Saturday, 10 October 2009

Living up a Mountain

Yes thats what I do, I live up the top of a mountainside, nestled along the coast of west Wales. Its a wonderful experiance and a genuine privaledge to live here .

Alongside my home is Harlech Castle with its tumbled ancient walls and its magnificent floodlit atmosphere at night. Local youths have attempted the rite of passage here every year, to stay in the castle, to enter it at night and walk the walls over a hundred feet above the ground. You see mists or is it a ghost ? drifting around and your skin shivers with anticipatory fears.

The coastal waters are crystal clear, sometimes emerald green, turquoise, deep blue, sky blue and often a mix of them all but forever a changing beautiful image to inspire. The waves can crash onshore like a thousand white stallions eager to reach the beach, or lap carressingly against your toes, tickling you with tiny drifts of seaweed. Fish in shoals leap over the waters playfully, safe from the trawlers nets , occasionally flirting with the stray angler who has hopefully cast his fishing line in the languid waters. Swimming here is a must, the Gulf Stream warms the waters all through winter, it isn't unusual to see a little skinny dipping going on in the middle of November !!!

The forests are ancient, marked on maps so old they are kept in museums, ancient trees dripping with weedlike trailing ivies and goosegrass, sometimes lichen and moss so thick its as soft and deep as a mattress. Fairies probably do live here...if you stayed still long enough to see one ! Mushrooms and fungi nestle in little pockets of the forest floor or inside a rotting log and some of the trees are so old they can't be 'hugged' they are far to wide a trunk on them. Silence is your companion in the forests, silence and a feeling of timeless mysteries.

But living in a small village atop a mountain has its drawbacks too.

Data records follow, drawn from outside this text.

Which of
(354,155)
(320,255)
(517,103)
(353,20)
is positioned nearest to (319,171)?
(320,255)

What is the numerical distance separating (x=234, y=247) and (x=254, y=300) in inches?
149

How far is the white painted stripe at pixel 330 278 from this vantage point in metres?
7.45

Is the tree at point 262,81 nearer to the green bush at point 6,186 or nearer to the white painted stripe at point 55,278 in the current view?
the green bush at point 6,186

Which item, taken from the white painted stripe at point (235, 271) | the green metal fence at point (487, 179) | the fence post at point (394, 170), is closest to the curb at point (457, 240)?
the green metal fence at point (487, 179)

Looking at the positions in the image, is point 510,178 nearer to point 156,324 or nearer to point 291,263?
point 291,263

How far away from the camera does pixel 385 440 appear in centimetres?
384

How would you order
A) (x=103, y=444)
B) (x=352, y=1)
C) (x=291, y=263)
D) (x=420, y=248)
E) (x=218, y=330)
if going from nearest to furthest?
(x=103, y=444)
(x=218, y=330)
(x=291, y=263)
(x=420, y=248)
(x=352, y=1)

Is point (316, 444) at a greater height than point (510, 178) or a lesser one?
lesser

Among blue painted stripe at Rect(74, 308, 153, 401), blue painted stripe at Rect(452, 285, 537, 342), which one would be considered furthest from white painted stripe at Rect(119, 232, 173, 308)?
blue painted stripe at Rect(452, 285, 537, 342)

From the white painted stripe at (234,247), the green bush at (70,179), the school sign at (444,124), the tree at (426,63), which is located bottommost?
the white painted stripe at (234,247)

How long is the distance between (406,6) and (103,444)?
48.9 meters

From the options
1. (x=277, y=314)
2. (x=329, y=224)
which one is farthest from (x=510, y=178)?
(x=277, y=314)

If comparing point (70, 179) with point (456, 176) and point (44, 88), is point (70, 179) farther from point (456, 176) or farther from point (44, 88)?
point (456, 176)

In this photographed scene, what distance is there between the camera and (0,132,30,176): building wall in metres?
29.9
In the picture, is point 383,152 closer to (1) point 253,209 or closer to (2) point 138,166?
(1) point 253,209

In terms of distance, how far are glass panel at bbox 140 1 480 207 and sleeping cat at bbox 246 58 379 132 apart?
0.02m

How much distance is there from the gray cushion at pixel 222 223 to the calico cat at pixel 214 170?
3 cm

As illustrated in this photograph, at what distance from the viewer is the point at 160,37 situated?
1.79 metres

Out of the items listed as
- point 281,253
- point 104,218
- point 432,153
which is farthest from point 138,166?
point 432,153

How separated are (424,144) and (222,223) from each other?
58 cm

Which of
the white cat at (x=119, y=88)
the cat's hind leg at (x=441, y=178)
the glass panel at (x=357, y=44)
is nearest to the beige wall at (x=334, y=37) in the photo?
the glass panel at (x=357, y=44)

There are two village stores, one at the top of the mountain, one at the bottom and to reach either from the other end you either catch a bus OR if your feeling brave you walk up Twtl Hill...Gods its steep, in fact I believe its one of the steepest roads in the UK and I have actually walked it twice in one day...slept for an hour after but it had to be done. Food is expensive and limited in choice but one store is open till 8pm and one till 10pm so at least we have some availablity. One thing we don't run short of is a choice of presents for family because of course we have shops to sell items to tourists and in winter they do a brisk trade for the old xmas stocking too. We have cafes and resteraunts galore and breakfast is often an occasion to go out and have a chat to neighbours over coffee and a bacon butty. By the way butty is a word taken from the Welsh Buttie which is translated as cafe...there you go read and learn haha.

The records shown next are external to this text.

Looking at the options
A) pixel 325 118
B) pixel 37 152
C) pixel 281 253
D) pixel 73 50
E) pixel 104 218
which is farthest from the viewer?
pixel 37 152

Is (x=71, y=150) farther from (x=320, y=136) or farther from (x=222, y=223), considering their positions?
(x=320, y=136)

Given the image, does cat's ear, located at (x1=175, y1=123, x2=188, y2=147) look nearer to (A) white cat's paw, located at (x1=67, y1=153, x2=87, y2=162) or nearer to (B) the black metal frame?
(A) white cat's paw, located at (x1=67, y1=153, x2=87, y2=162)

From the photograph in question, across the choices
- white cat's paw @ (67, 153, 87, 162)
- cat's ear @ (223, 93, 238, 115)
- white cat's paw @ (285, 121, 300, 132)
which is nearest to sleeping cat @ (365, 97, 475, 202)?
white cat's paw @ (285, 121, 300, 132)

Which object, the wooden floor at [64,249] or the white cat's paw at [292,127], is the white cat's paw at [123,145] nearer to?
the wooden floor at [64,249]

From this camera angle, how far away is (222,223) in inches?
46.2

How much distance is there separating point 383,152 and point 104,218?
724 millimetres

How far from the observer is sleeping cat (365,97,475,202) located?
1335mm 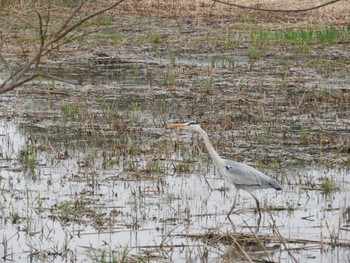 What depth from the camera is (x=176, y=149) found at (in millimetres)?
9641

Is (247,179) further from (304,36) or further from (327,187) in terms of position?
(304,36)

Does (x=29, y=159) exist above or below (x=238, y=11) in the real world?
below

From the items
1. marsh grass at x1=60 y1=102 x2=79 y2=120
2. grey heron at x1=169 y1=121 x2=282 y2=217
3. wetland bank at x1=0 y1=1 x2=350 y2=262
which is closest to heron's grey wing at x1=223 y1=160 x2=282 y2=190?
grey heron at x1=169 y1=121 x2=282 y2=217

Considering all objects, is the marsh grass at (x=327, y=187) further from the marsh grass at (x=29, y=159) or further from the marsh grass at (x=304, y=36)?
the marsh grass at (x=304, y=36)

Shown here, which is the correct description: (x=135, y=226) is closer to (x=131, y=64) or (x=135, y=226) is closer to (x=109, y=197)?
(x=109, y=197)

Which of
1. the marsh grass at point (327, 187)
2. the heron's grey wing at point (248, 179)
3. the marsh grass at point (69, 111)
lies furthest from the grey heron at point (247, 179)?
the marsh grass at point (69, 111)

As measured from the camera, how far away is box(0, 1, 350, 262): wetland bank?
21.2 ft

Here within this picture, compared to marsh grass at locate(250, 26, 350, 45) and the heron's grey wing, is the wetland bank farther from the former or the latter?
the heron's grey wing

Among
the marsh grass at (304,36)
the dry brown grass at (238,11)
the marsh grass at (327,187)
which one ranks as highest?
the dry brown grass at (238,11)

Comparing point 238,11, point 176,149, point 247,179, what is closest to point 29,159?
point 176,149

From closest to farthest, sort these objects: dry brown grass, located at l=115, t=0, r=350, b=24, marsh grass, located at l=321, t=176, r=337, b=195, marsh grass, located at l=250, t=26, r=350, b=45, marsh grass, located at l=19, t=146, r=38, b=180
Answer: marsh grass, located at l=321, t=176, r=337, b=195, marsh grass, located at l=19, t=146, r=38, b=180, marsh grass, located at l=250, t=26, r=350, b=45, dry brown grass, located at l=115, t=0, r=350, b=24

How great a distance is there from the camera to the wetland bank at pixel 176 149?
6473mm

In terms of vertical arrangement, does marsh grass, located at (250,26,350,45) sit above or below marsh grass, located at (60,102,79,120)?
above

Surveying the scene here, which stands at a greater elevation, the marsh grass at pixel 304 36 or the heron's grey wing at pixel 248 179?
the marsh grass at pixel 304 36
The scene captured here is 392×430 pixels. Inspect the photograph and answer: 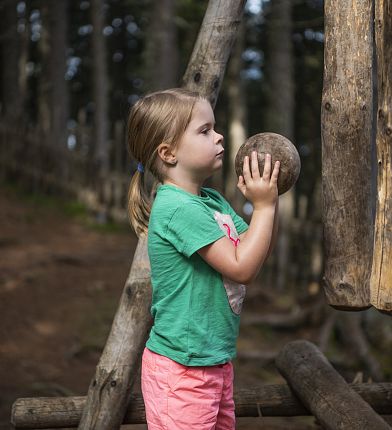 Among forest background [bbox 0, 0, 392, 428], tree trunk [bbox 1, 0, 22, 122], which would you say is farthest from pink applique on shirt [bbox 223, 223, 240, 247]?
tree trunk [bbox 1, 0, 22, 122]

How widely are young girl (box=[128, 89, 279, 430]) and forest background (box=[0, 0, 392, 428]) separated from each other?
41 cm

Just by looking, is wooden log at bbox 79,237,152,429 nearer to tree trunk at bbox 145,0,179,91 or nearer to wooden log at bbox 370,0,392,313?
wooden log at bbox 370,0,392,313

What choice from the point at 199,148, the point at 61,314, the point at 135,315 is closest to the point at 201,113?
the point at 199,148

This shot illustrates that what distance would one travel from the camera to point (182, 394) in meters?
2.52

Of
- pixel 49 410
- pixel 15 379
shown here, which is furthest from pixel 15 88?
pixel 49 410

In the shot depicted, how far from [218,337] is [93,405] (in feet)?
3.56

Another drawback to living up here is the travel time you take to get anywhere. To visit the nearest town with any shops noted in most small towns, your Tesco or Lidl and the like. Then it is a ten or fifteen mile drive through the sharp mountain roads and either the toll bridge or the coast road both of which can get flooded in winter. Or joy of joys we can be snowed in, or worse fogged in..the fog is by far the worst. Sea mist can roll in up the mountain within literally seconds and of course the rain when it falls can lash with fury as coast winds howl in from the sea bringing salt water as well as rain as a downpour that can occasionally sound like a thousand drummers all madly pounding on your windows with tiny drumsticks.

Added to the distance you have to go for ordinary shopping is travel time to see family. My blood family all live miles away, its a 3 hour drive to get to my Mum and in an emergency I would have to drive like a hellion to get to her under that time using the hidden roads around here. The roads that cut through mountains and highlands, little more than tracks and without a single light or warning sign, they do get you where your going fast, almost an hour faster but they can have their own little dangers so its risky. Couple that with the well known fact that our Police are hell on fire when it comes to traffic offences and you have yet two more drawbacks.

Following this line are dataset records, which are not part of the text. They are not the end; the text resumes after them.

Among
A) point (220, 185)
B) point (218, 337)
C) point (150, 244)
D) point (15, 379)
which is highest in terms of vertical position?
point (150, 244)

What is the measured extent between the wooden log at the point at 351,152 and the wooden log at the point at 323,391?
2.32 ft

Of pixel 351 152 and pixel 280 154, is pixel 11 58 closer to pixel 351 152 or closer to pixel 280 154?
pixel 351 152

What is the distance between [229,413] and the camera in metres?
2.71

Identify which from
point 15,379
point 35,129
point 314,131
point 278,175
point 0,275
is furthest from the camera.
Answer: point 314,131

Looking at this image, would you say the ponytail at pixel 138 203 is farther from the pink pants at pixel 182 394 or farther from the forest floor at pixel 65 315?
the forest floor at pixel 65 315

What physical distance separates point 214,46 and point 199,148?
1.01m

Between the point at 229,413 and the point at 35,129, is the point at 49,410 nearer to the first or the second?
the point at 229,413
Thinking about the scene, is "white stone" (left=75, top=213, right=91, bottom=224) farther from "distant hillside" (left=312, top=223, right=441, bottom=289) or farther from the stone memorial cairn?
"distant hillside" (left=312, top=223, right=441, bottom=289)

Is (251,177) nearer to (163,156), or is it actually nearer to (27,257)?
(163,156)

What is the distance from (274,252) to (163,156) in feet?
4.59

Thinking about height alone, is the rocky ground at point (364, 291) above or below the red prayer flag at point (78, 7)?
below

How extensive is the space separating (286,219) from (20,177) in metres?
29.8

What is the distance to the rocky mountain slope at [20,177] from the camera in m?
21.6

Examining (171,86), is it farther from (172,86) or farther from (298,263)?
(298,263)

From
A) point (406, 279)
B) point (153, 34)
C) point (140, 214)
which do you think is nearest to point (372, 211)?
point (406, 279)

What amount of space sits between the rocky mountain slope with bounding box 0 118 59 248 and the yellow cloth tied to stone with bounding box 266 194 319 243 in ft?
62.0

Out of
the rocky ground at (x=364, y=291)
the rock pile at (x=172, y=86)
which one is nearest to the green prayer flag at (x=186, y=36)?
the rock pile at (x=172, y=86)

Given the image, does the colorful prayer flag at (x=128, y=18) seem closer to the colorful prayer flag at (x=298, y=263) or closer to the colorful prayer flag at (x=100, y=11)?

Most of us drive ordinary cars but to travail the mountains we also have to have superior driving skills. I don't mean we are superior to other people, I mean we have to become superior to our normal everyday driving skills. For one thing hairpin bends and massive spiralling roads is common. Gathering your skills to get anywhere is a genuine act. You think of the twists and turns, the gradients (some being 1 in 6 !!!) and the timing too. No one travels during tourist time if they can help it. Too many people who don't understand the sudden sheep in the road, the tourist who is walking along the roads with an enormous backpack that can take your wing mirror off even though you gave the person a wide berth, the emerging tumble of a tree as it slowly kilters down the land because its time is up....and so is yours if your not quick enough. Stone slides, floods and ice as black as the road and undetectable...are common every day hazards, so driving skills to the fore and never, ever, ever speed...because sure as eggs are eggs the Policeman will be just round the corner. In fairness they do a grand job, but they are really strict here so it is rare indeed to see anyone stupid enough to speed or to drink drive...they would be without a car within the week and that would make life very difficult indeed.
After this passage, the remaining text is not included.